Per le strade sono attese fino a 2mila persone.
I dipendenti Ilva a Genova sono in tutto di 1.500, di cui 400 in cassa integrazione. La cordata di imprenditori Am Investco Italy vuole tagliarne 600. Dalle acciaierie di Cornigliano verso Sampierdarena (lungomare Canepa o via Cantore), piazza della Nunziata e le Gallerie sfileranno anche gli automezzi della fabbrica. Come quando, nel 2016, ci furono attimi di tensione con la Questura. Inevitabili i disagi al traffico, ma i sindacati, e in particolare la Fiom genovese di Bruno Manganaro, hanno fatto appello alla massima partecipazione. "Anche da noi c'è la gradinata che tifa e la tribuna che guarda. Dobbiamo essere in tanti, la città deve lottare con noi".

"Le imprese dell'artigianato, del commercio, del turismo e dei servizi di Genova vogliono esprimere la loro vicinanza ai lavoratori e alle loro famiglie", scrivono in una nota Paolo Odone, presidente di Ascom-Confcommercio, Paola Noli, presidente di Cna e Cino Negri, presidente di Confartigianato Massimiliano Spigno, presidente di Confesercenti. Il Tavolo della Piccola Impresa, che riunisce Ascom, Cna, Confartigianato e Confesercenti "manifesta il pieno sostegno al lavoro di Comune e Regione, cui chiediamo d'intervenire incisivamente sul Governo, per scongiurare una situazione altrimenti insostenibile dal punto di vista sociale ed economico".

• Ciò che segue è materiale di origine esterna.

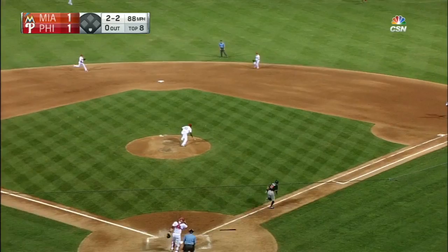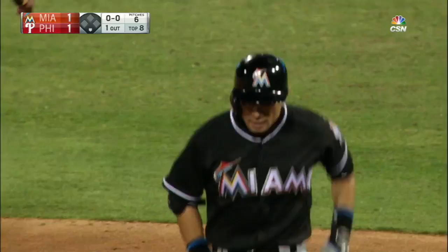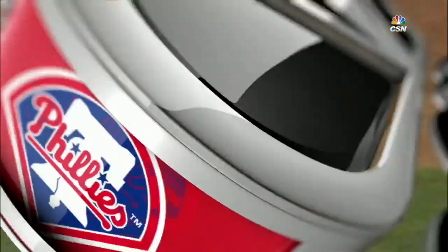That was going up the middle. Yes it was, but it's effective. That splitter — he really deadened that baseball.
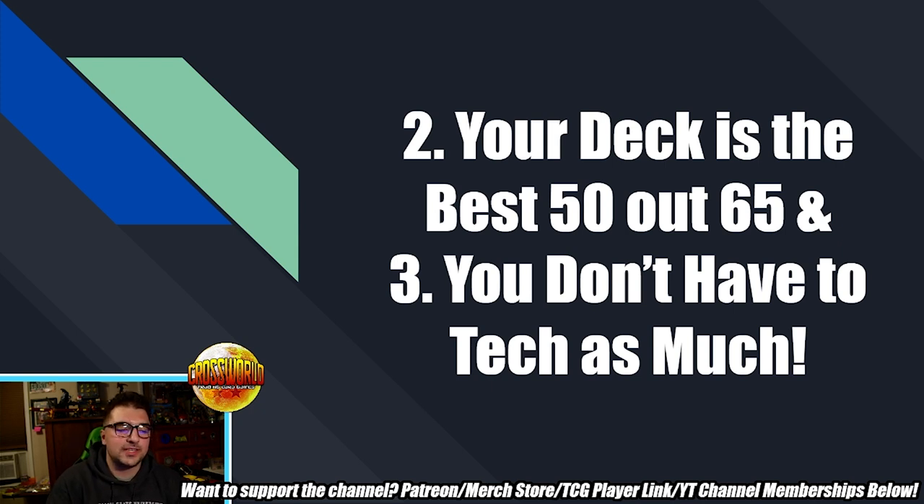Next tip — your deck is the best 50 out of 65. This format is going to be so unique and unlike best of three in the sense that the only round of the match, you get to tailor your deck for the matchup you're playing. In best of three with an unfavorable matchup, you might not get lucky in game one and then have to rely on sideboarding to reverse sweep. In sideboard best of one, you have to make sure your deck is tailored to the matchup you're playing.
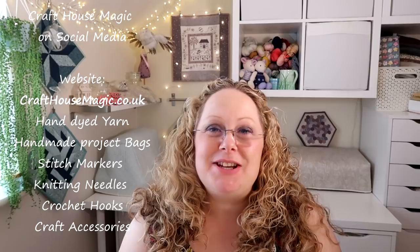Hello! Welcome to episode 177 of the Craft House Magic Podcast. My name's Ellie and I'm coming to you from Norwich in Norfolk in the UK, and today is the 12th of August. I hope you've all had a lovely crafty week since the last time I've spoken to you, and I'm here to share all the things that I've been making in the last seven days.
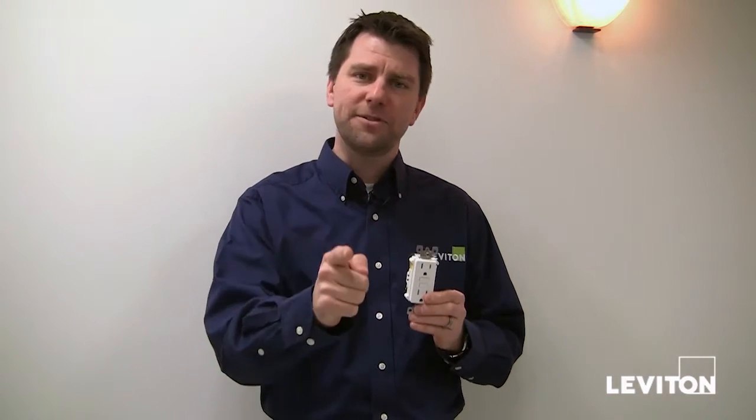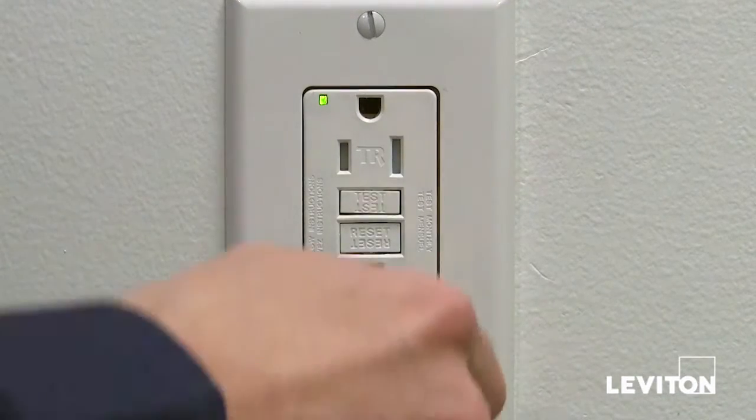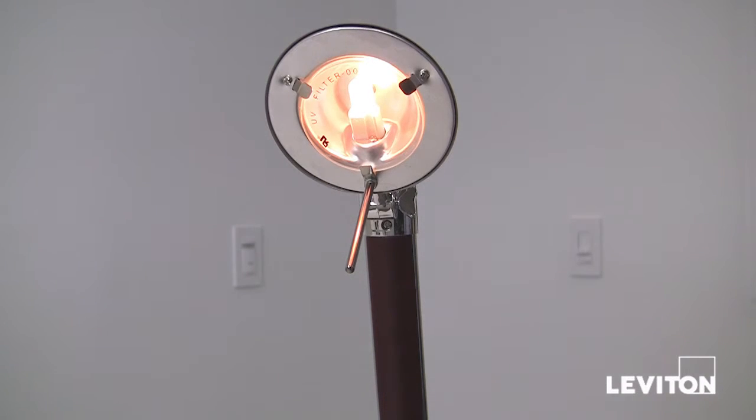I'm going to show you just how simple it is to test your GFCI. Let's get started. The first step is to plug a lamp or radio into the GFCI receptacle and turn on the lamp or radio.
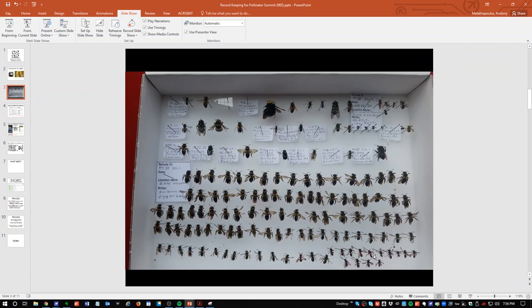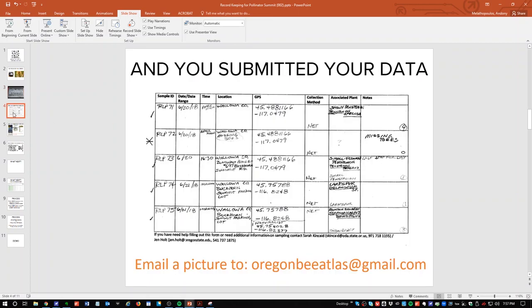You can't really do anything at this point until you get a location label under these bees. Your next step is to get a location label under each bee, and then you can resort the bees by similarity and work through keys. But you can't move these bees until you get a label on each one. So the first step — and many of you have done this already — is to submit your data. We have two ways of doing this.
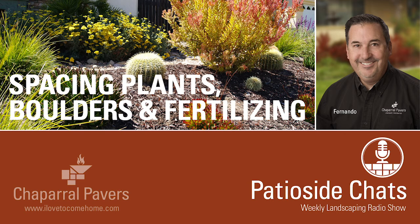Sit down, relax, and let's chat a little bit about today's topic, which is all about plants and boulders and the combination of using plants and boulders together. I want to talk about spacing and design and how that all fits together as you're doing your project. And finally, I want to talk about fertilizing. When you buy new plants and plant them in the ground, the question always comes up: how do I fertilize, what do I use, how do I do it, when do I do it? So let's jump right into it and get into the show.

Il vertice in programma al Mise è stato spostato a mezzogiorno. Ma non è da lì che arriveranno le risposte attese. "Io non vado a Roma - dice Manganaro - Nessuno è in condizioni di trattare con la pistola sul tavolo". Andranno a discuterne invece le segreterie regionali delle altre sigle: "Siamo fortemente impegnati nella lotta, ma è importante anche la trattativa, perché lì si capirà il futuro", spiega Alessandro Vella di Fim-Cisl. 

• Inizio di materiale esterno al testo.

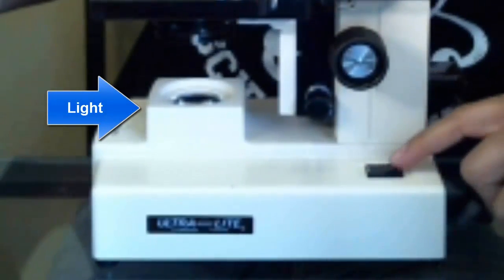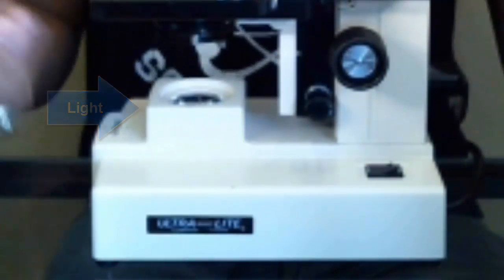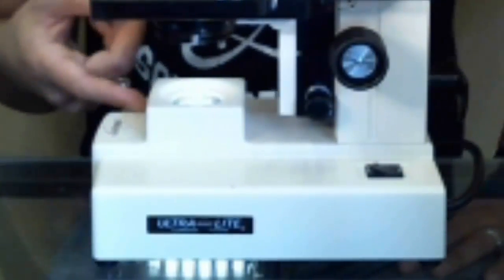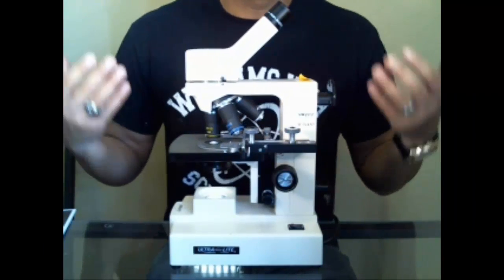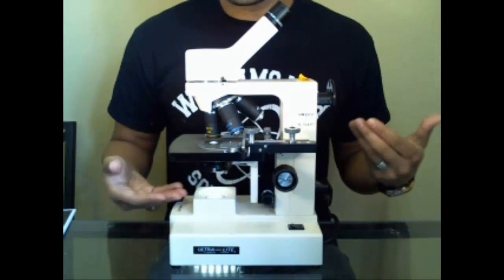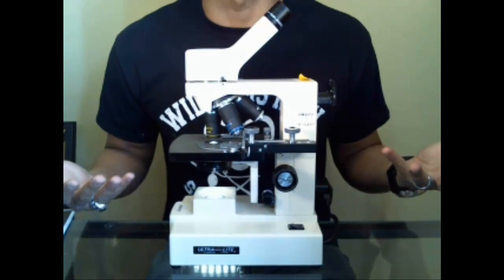When turning it on, make sure it's off when you're actually plugging it in so you don't short the bulb. Turn the off switch on, plug it in first, then push the on switch and you'll see a light turn on from underneath. This light is going to allow you to see an image — just like anything else, light has to get to your eyes and your eyes have to recognize that light in order to connect to the brain.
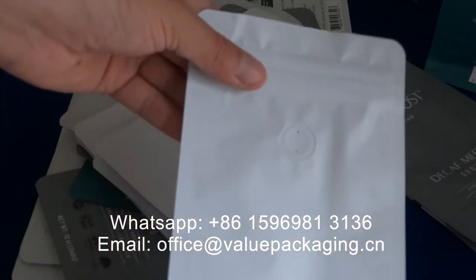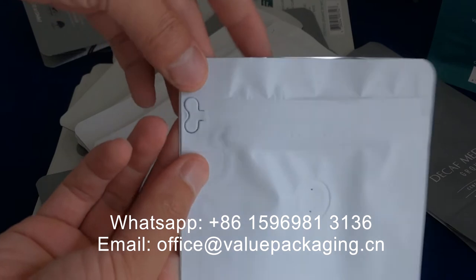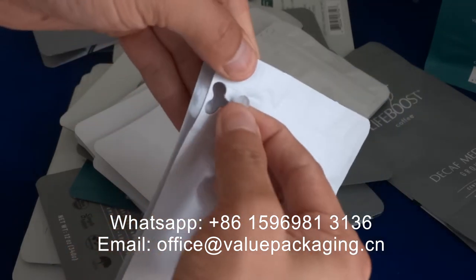Hello, we just produced an order of coffee bags for our customer, and you can see it is with a tap zipper. For that tap zipper, it is essential to make the tap very easy to tear, and we are going to test.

L'obiettivo vero, però, è ottenere dal Governo, con la mediazione del prefetto Fiamma Spena, una convocazione indirizzata a sindacati, Comune e Regione per discutere solo del caso Genova. In caso contrario la mobilitazione andrà avanti nei giorni successivi. "Noi abbiamo un accordo di programma, mi dispiace se gli altri non lo hanno. Il Governo ci spieghi come garantirlo", è la sfida che lancia Manganaro. In pratica, l'unico modo per farlo sarebbe interrompere la procedura con ArcelorMittal e Marcegaglia e investire direttamente soldi pubblici. Oppure - scenario ancora più lontano dalla realtà - gli acquirenti modificano il piano. 

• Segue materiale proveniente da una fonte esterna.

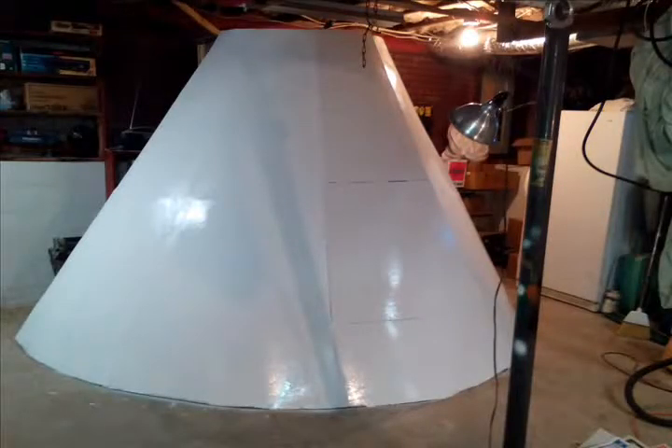Not bad for an almost full-size Apollo capsule. I hope you enjoyed my demonstration and we'll see you next time.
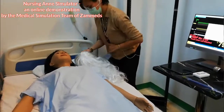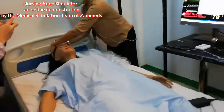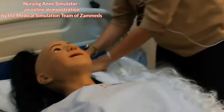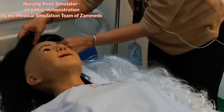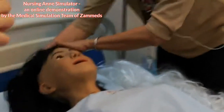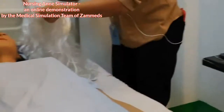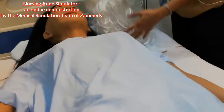As you saw in the video earlier, the wig or hair of our nursing aunt can be interchangeable. It can be black, like what we currently have on, or there is a second option in white. There is also an option for blonde hair.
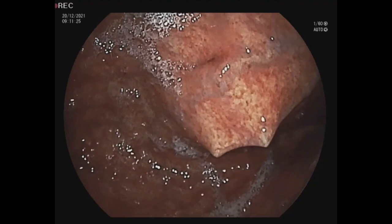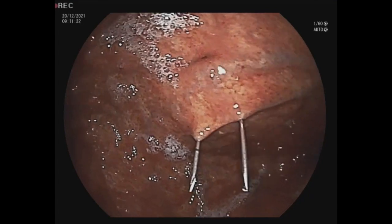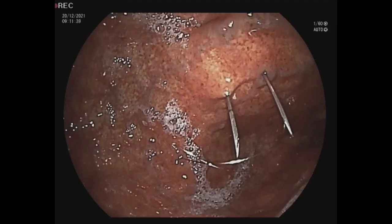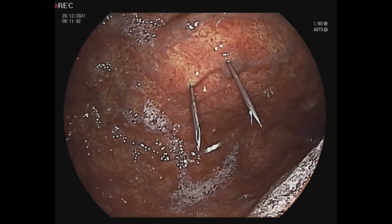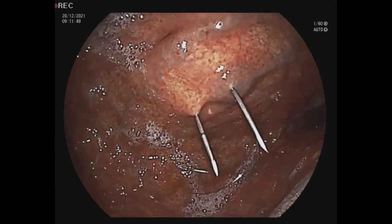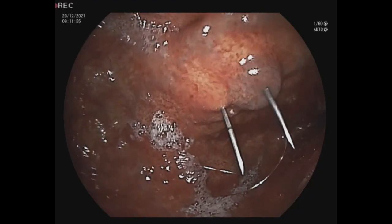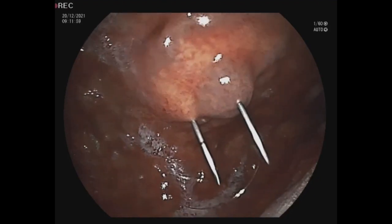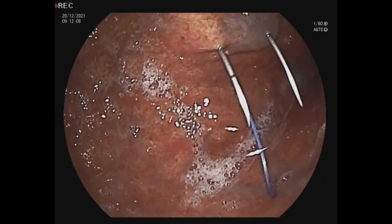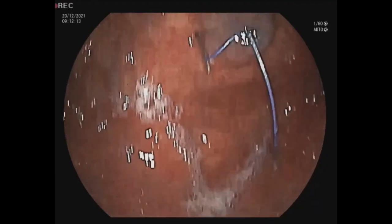Normally we do it two times, as you can see in this video. This is the second one. When we make two stitches, the gastropexy will be finished and we can make the hole for the balloon pack. Here you can see the second stitch — how we catch it with the metallic part.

Ciò che brucia a Genova è anche la disparità di trattamento rispetto a Taranto. In Puglia gli esuberi sono 3.300 su oltre 10mila (in proporzione meno) e tutti con la promessa di essere riassunti per lavorare all'ambientalizzazione e alla bonifica. A Genova i 600 'di troppo' non avrebbero altra prospettiva se non quella della cassa integrazione, eventualmente con lavori di pubblica utilità, visto che quelle procedure sono già state completate. Tutto in barba al vincolo occupazionale sancito nel 2005. "Mittal lo sa benissimo, ma se ne infischia: io stesso ho scritto al loro presidente", rivela Manganaro. E allora riprende la lotta. Più dura di prima.